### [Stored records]
==============================

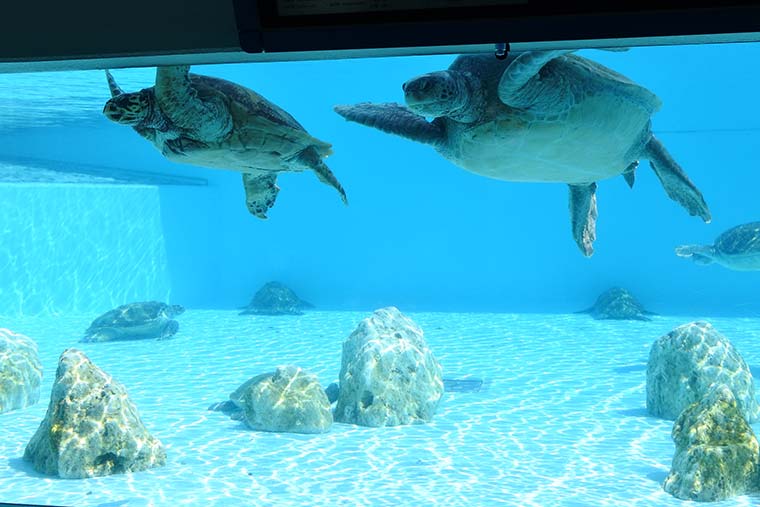 海洋博公園 ウミガメ館
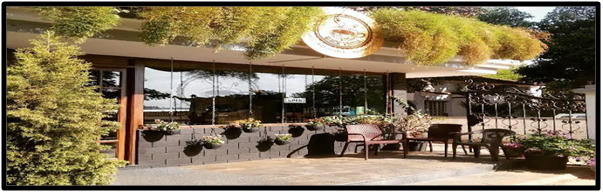 BEST CAFES IN GOA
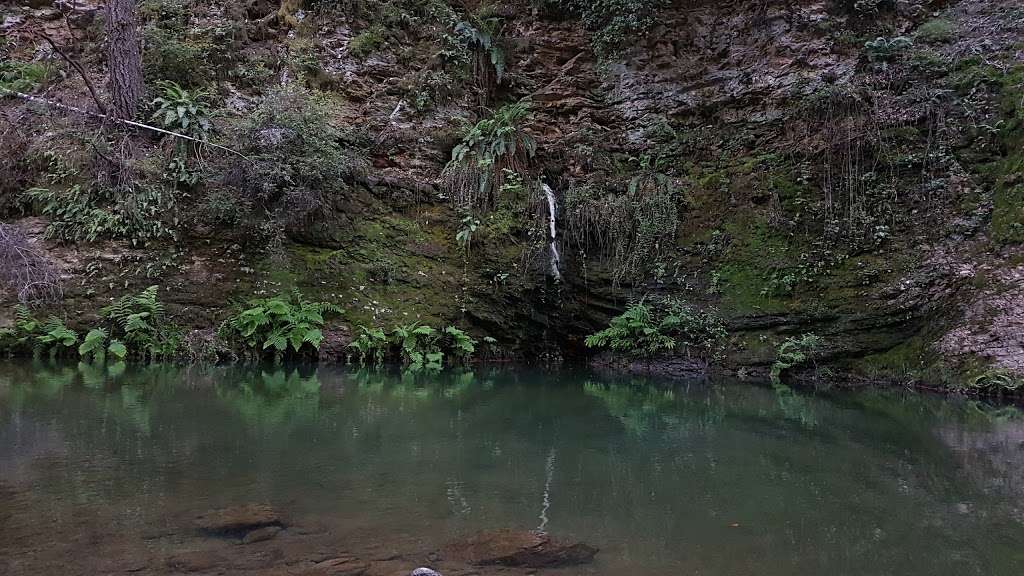 Point Group Camp, Portola Redwoods State Park | Point Group Camp Rd, La Honda, CA 94020, USA Point Group Camp, Portola Redwoods State Park | Point Group Camp Rd, La Honda, CA 94020, USA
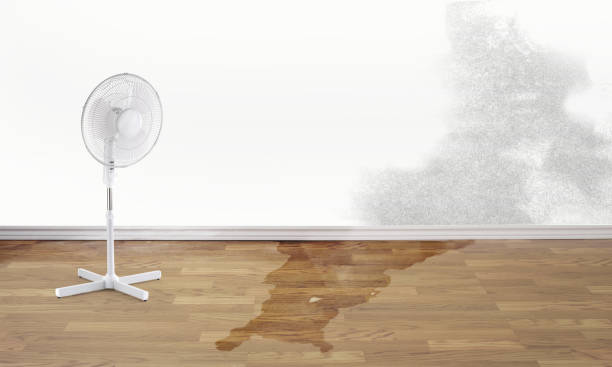 Best Professional water damage repair  in Saegertown, PA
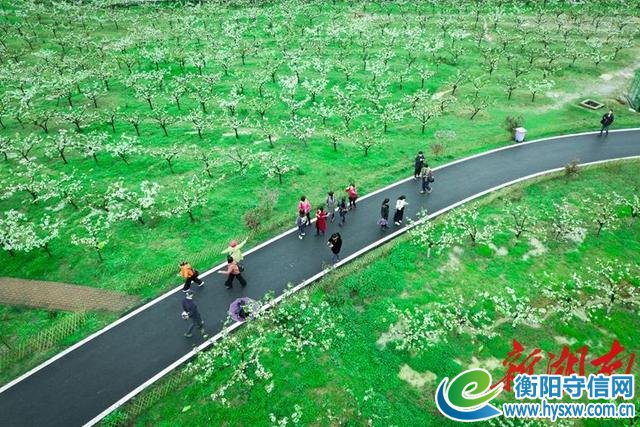 湖南日报头版头条丨“转融创”风景好——衡阳市推进产业转型创新发展纪实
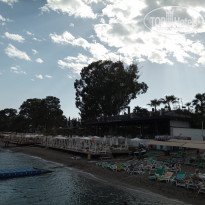 фото из отзыва ID 2736865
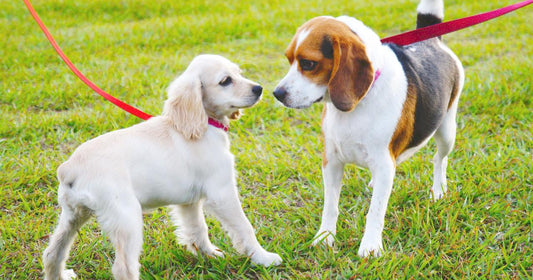 Dog Park Safety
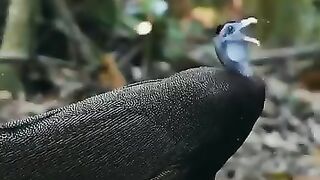Les cris d'oiseaux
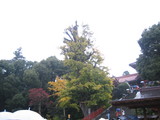 c01c2693.JPG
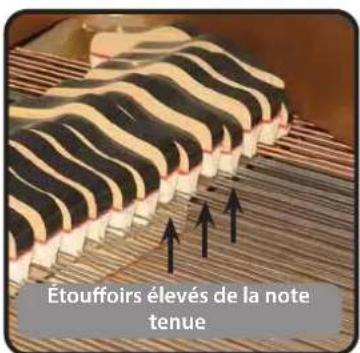 Dexibell VIVO H10MG - String Reso (Résonances Harmoniques Sympathiques) - 1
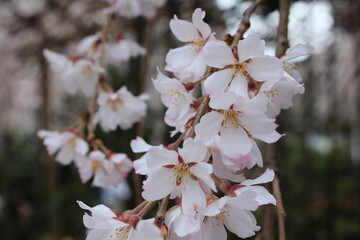 桜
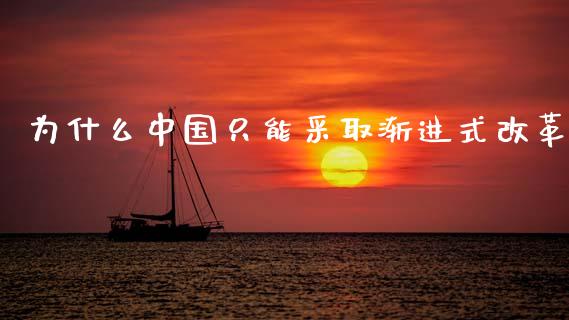 为什么中国只能采取渐进式改革_https://wap.letulww.com_投资管理_第1张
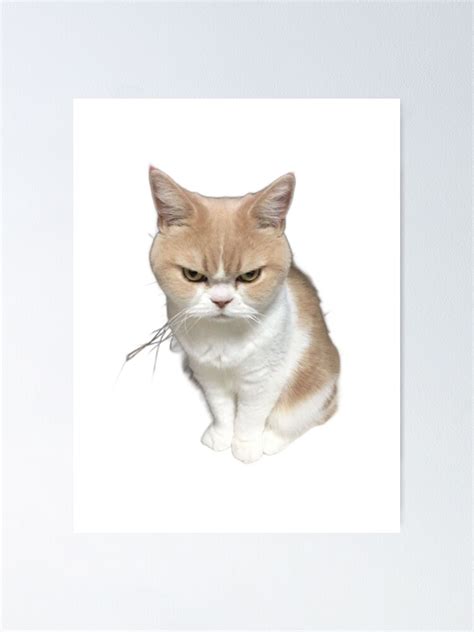 Cute Grumpy Cat Cat Meme Poster For Sale By Pusla Redbubble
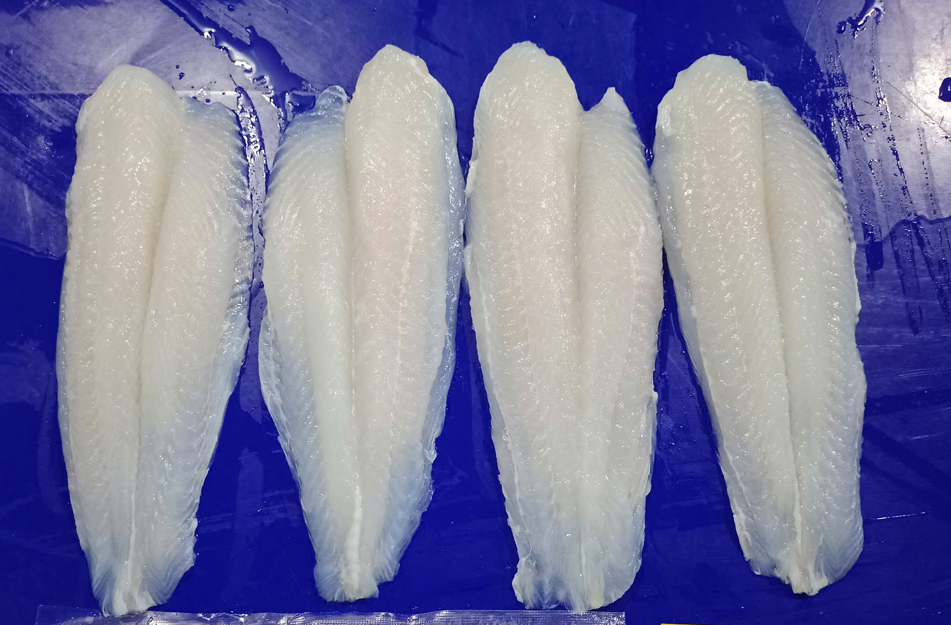 Swai (Pangasius) Basa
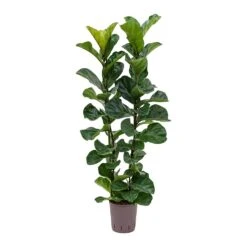 Ficus Lyrata Bambino - HydroCare -Indoor Plants Store Ficus lyrata Bambino Indoor Plant Hydroculture 18 19 120cm Stems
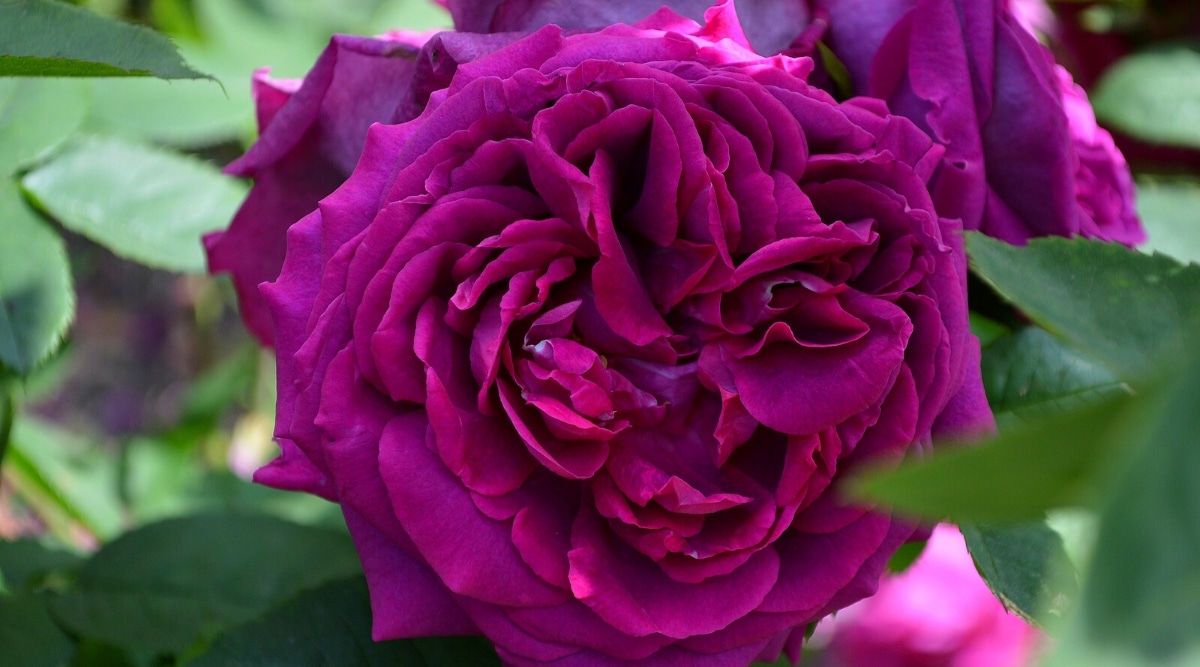 Primer plano de una floreciente rosa 'Twilight Zone' entre follaje verde oscuro.  La flor es grande, doble, con pétalos ondulados de ciruela oscura.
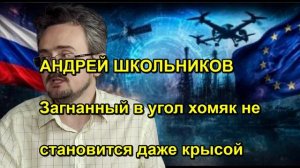 АНДРЕЙ ШКОЛЬНИКОВ Загнав хомяка в угол крысой он от этого не станет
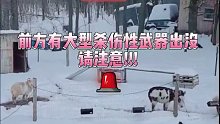 邻居：我谢谢你全家！
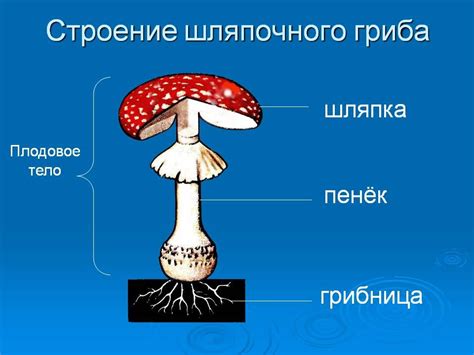 Внешние особенности гриба Ленина и его популярность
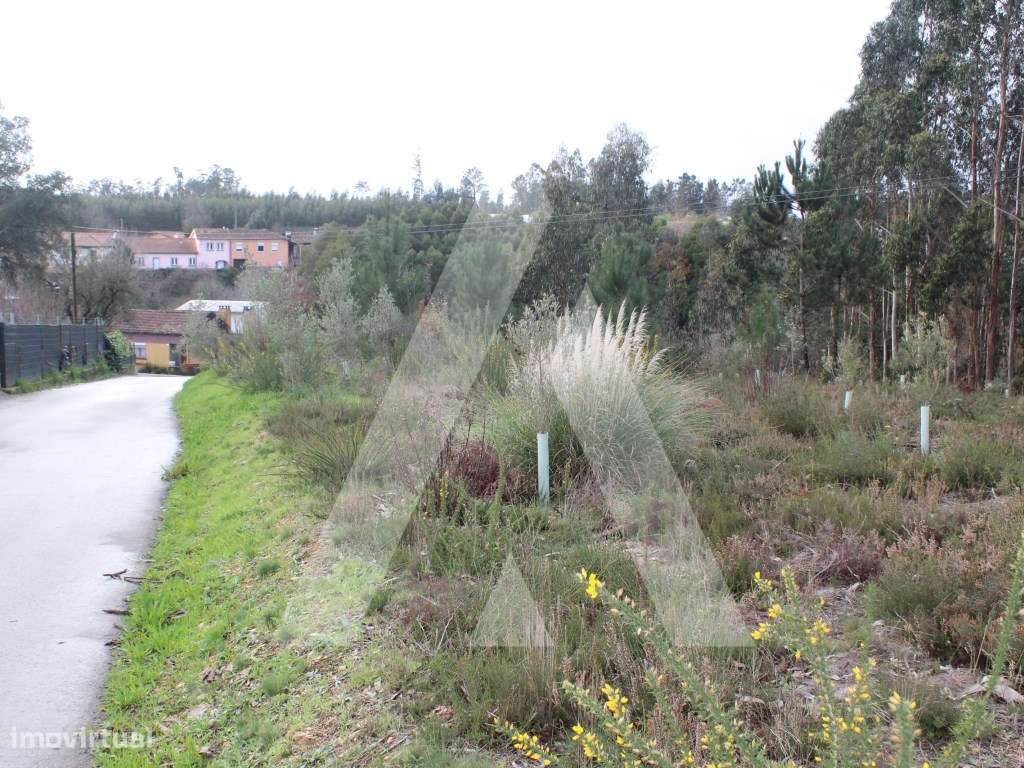 Terreno para Construção - Grande imagem: 3/21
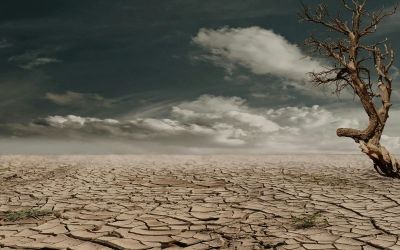 L'état des sols dans le monde se dégrade et les solutions restent ignorées, alerte lONU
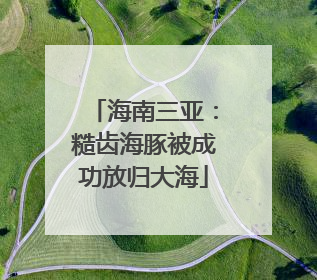 海南三亚：糙齿海豚被成功放归大海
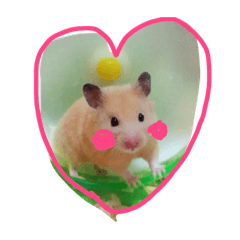 [LINEスタンプ] みそたろう.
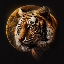 TigerMoon logo
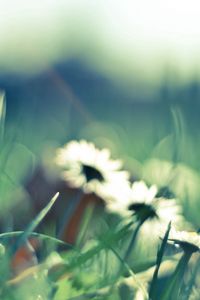 Preview wallpaper flower, grass, glare, glade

==============================

### [Assigned task]
Word for word, restate the lines from the line containing "L'état des sols" through the end of the data, including the first and last of them. Pictures stay out.

### [Result of this task]
 L'état des sols dans le monde se dégrade et les solutions restent ignorées, alerte lONU
 海南三亚：糙齿海豚被成功放归大海
 [LINEスタンプ] みそたろう.
 TigerMoon logo
 Preview wallpaper flower, grass, glare, glade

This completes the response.